From the line containing "90s Tennessee Titans" through the last line of the records below, output every line exactly as it appears, but leave out the pictures.

------ Provided entries

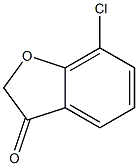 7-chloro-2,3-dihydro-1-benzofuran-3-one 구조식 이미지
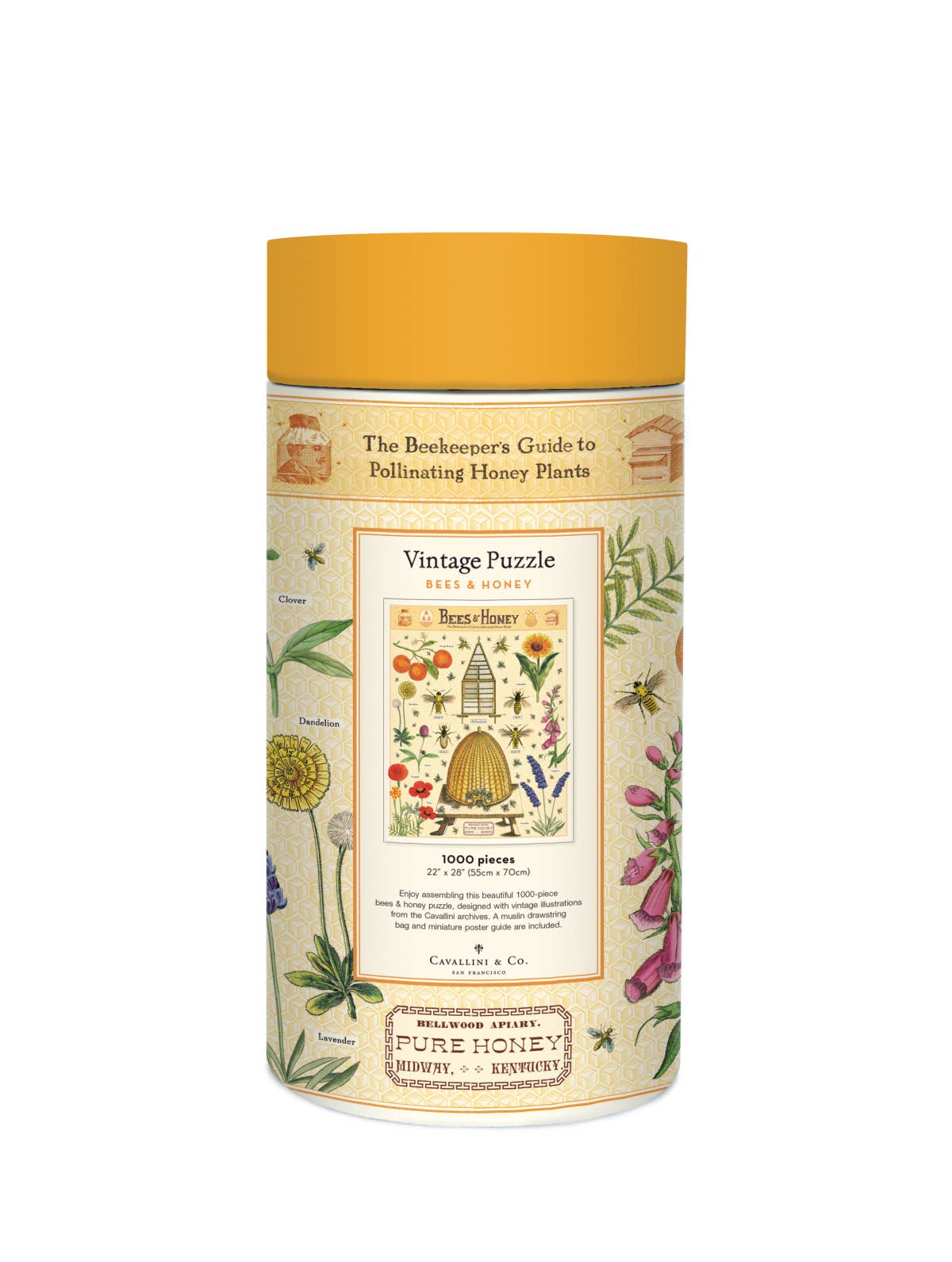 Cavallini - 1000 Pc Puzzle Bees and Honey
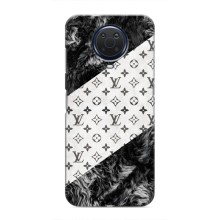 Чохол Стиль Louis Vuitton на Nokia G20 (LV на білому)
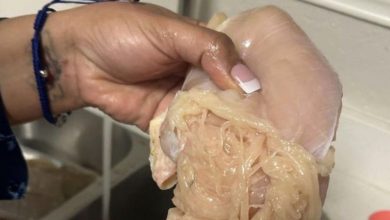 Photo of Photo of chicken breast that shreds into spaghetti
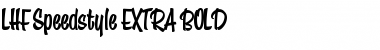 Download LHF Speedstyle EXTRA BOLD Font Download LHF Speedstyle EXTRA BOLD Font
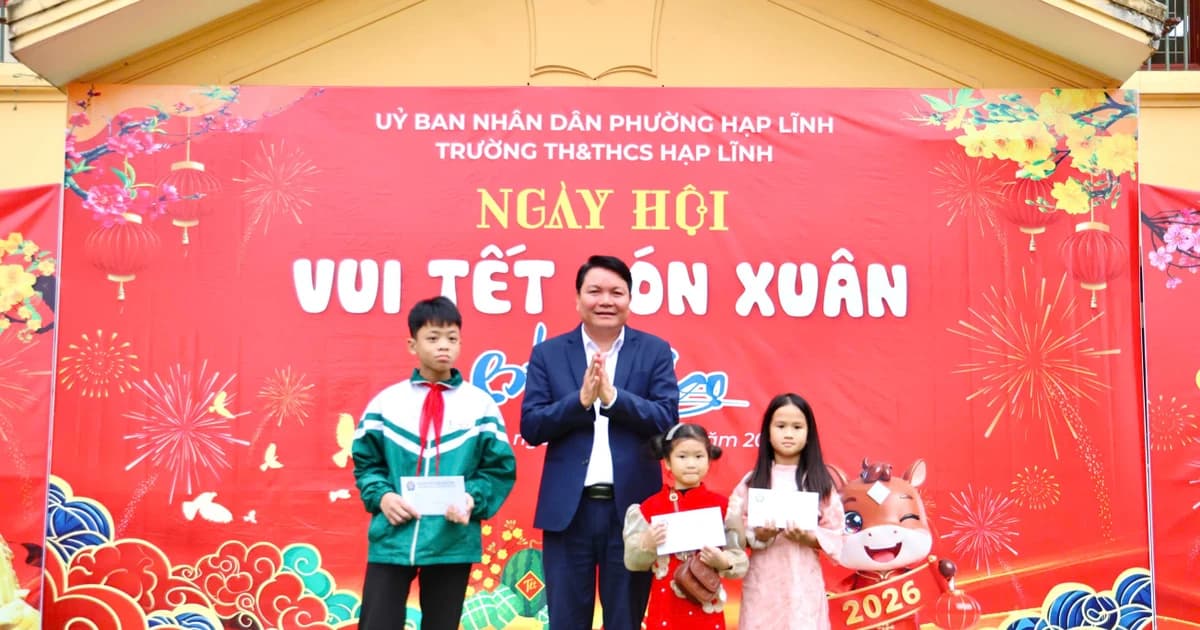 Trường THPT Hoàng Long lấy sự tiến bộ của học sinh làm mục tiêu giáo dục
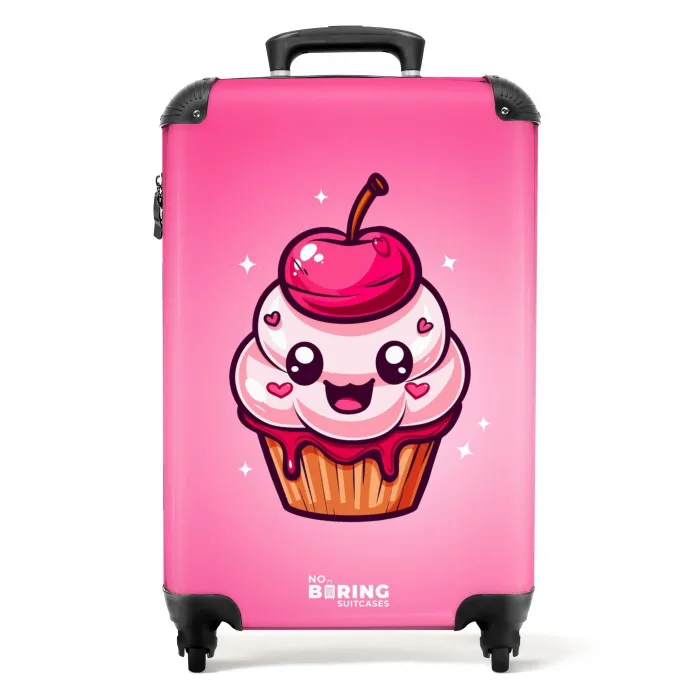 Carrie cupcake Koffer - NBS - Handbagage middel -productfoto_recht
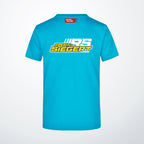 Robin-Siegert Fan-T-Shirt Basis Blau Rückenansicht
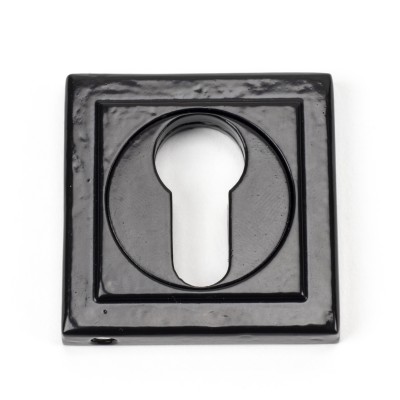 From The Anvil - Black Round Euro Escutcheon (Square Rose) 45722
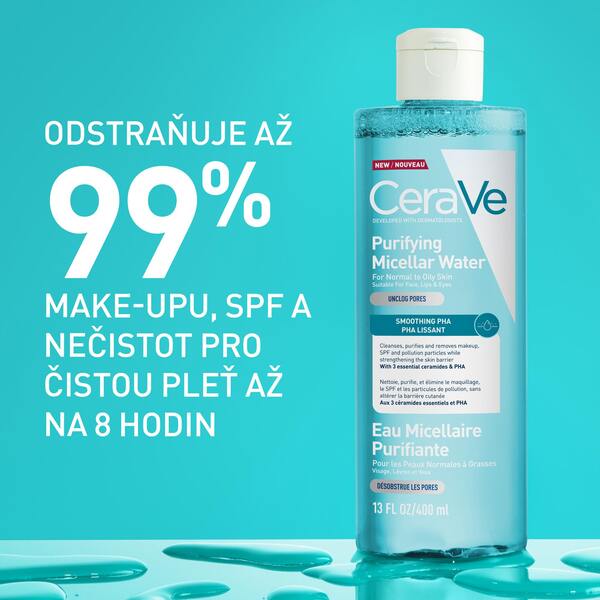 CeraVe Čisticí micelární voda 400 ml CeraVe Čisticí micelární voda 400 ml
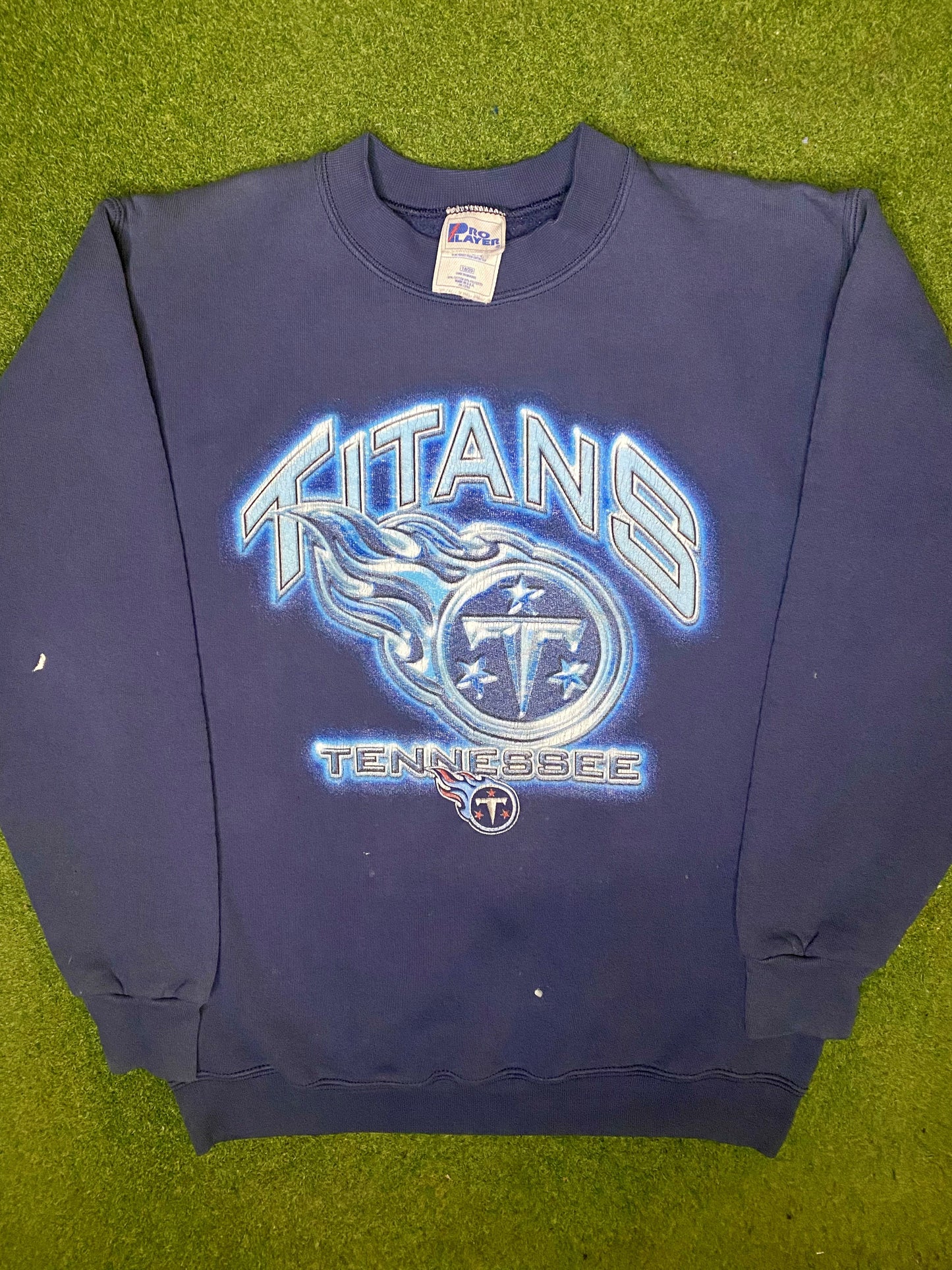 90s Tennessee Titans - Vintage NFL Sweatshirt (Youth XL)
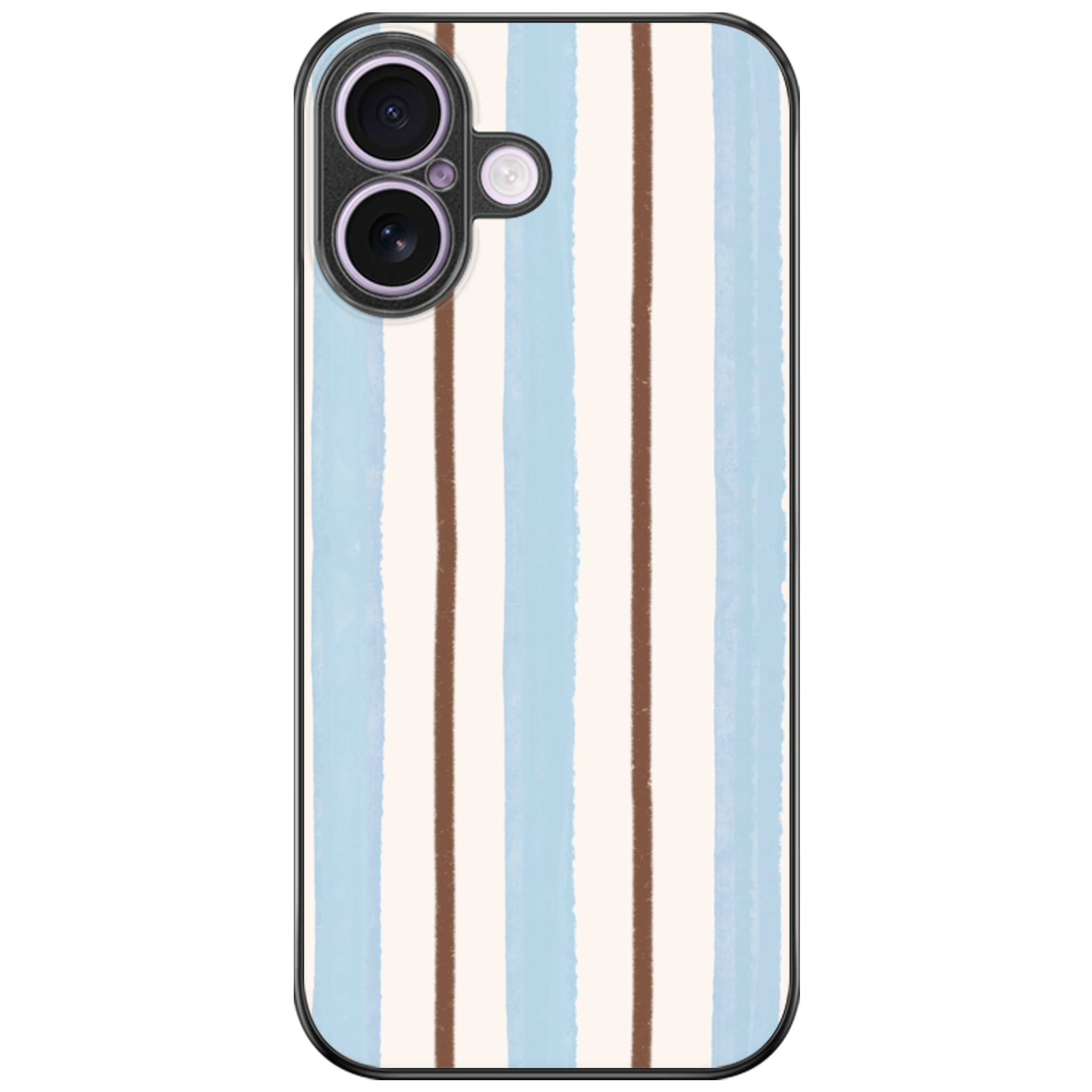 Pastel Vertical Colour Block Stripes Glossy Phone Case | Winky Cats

------------

Reply to the task →
 90s Tennessee Titans - Vintage NFL Sweatshirt (Youth XL)
 Pastel Vertical Colour Block Stripes Glossy Phone Case | Winky Cats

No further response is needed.